Najpierw został zaprzysiężony na europosła, a później wrócił do odbywania kary więzienia za oszustwa wyborcze - taki los spotkał Frediego Beleriego. To nowy reprezentujący Grecję poseł do Parlamentu Europejskiego.

Fredi Beleri to niespełna 52-letni, posiadający podwójne obywatelstwo - greckie i albańskie - polityk i przedsiębiorca, który został wybrany do Parlamentu Europejskiego w czerwcowych wyborach.

Po tym, jak został zaprzysiężony na inauguracyjnej sesji Parlamentu Europejskiego, musiał jednak wrócić do więzienia. Nie jest mi przykro, że wracam do celi - powiedział Beleri po wylądowaniu na międzynarodowym lotnisku w Tiranie.

Droga do europarlamentu

51-letni polityk odbywając karę więzienia w Albanii, zdobył mandat do Parlamentu Europejskiego w Grecji. Startował z listy rządzącej partii Nowa Demokracja i otrzymał 238 801 głosów, co stanowi czwarty wynik wśród siedmiu reprezentantów Nowej Demokracji w Parlamencie Europejskim.

Członkowie Parlamentu Europejskiego korzystają z immunitetu na terenie Unii Europejskiej, ale Albania nie należy do wspólnoty.

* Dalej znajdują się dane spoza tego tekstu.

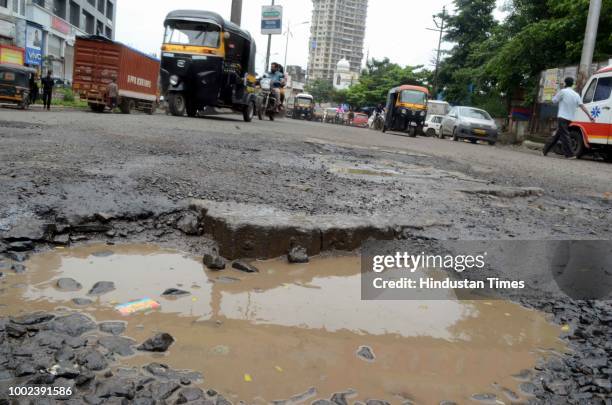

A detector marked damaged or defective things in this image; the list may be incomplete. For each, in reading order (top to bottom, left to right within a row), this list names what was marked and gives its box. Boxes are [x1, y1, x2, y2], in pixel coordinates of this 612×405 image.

pothole [0, 241, 568, 402]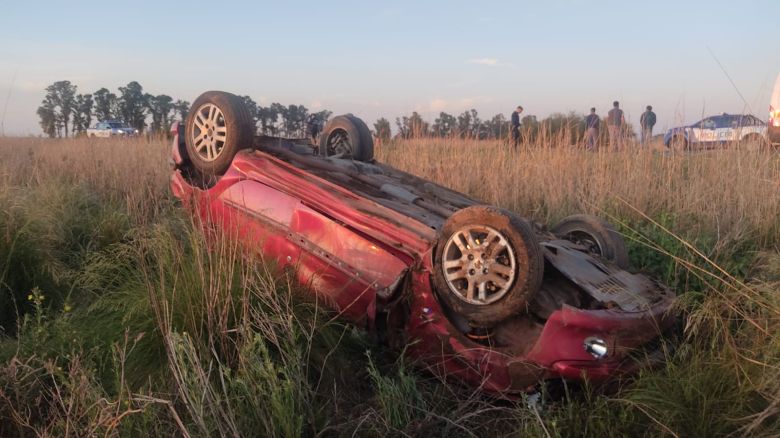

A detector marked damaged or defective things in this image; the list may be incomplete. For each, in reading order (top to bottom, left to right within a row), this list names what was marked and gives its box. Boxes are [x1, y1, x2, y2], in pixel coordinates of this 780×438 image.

overturned red car [171, 90, 676, 396]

Albania ma historycznie napięte stosunki z Grecją, głównie z powodu kwestii praw mniejszości greckiej i licznej społeczności albańskiej w Grecji.

Wyrok w Albanii

Beleri w marcu 2024 roku został przez albański sąd skazany na dwa lata więzienia za kupowanie głosów w zeszłorocznych wyborach samorządowych w Albanii. Polityk zaprzecza oskarżeniom, a Grecja określiła sprawę przeciwko niemu jako motywowaną politycznie.

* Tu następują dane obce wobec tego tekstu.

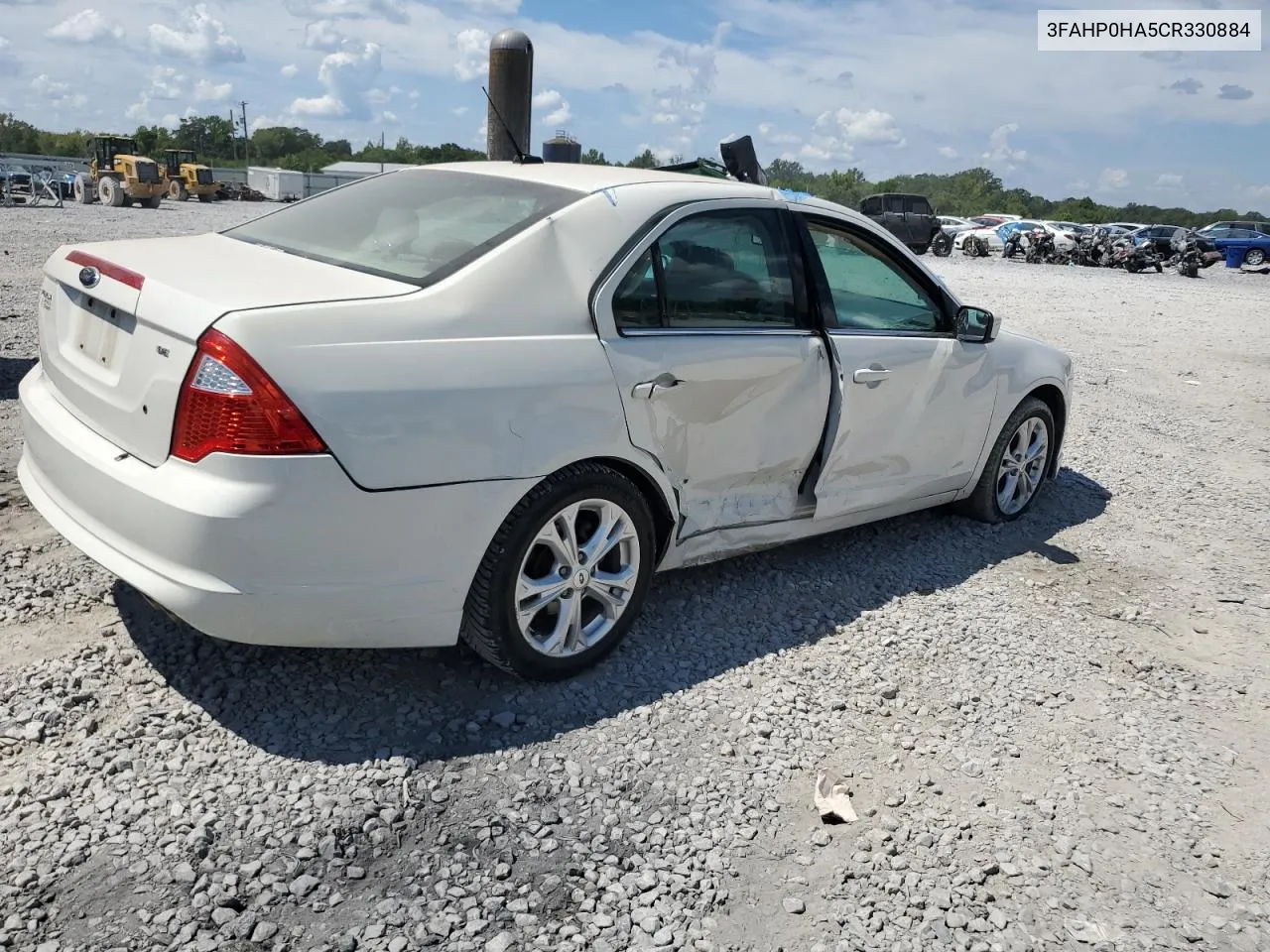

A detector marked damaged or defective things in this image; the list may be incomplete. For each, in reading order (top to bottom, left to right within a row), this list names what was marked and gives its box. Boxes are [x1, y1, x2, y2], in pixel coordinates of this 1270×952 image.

Beleri został aresztowany na dwa dni przed wyborami samorządowymi 14 maja 2023 roku w Himara na Riwierze Albańskiej, gdzie jest silna grecka mniejszość etniczna. Postawiono mu zarzut zaoferowania około 40 000 leków albańskich (360 euro) za osiem głosów wyborców. Wygrał wybory na burmistrza z przewagą 19 głosów, wspierany przez partię mniejszości greckiej i innych przeciwników rządzących socjalistów albańskiego premiera Ediego Ramy. Nigdy jednak nie objął tego urzędu. W ubiegłym miesiącu sąd apelacyjny podtrzymał orzeczenie, a władze Albanii formalnie pozbawiły Belerisa stanowiska burmistrza Himary i zarządziły nowe wybory.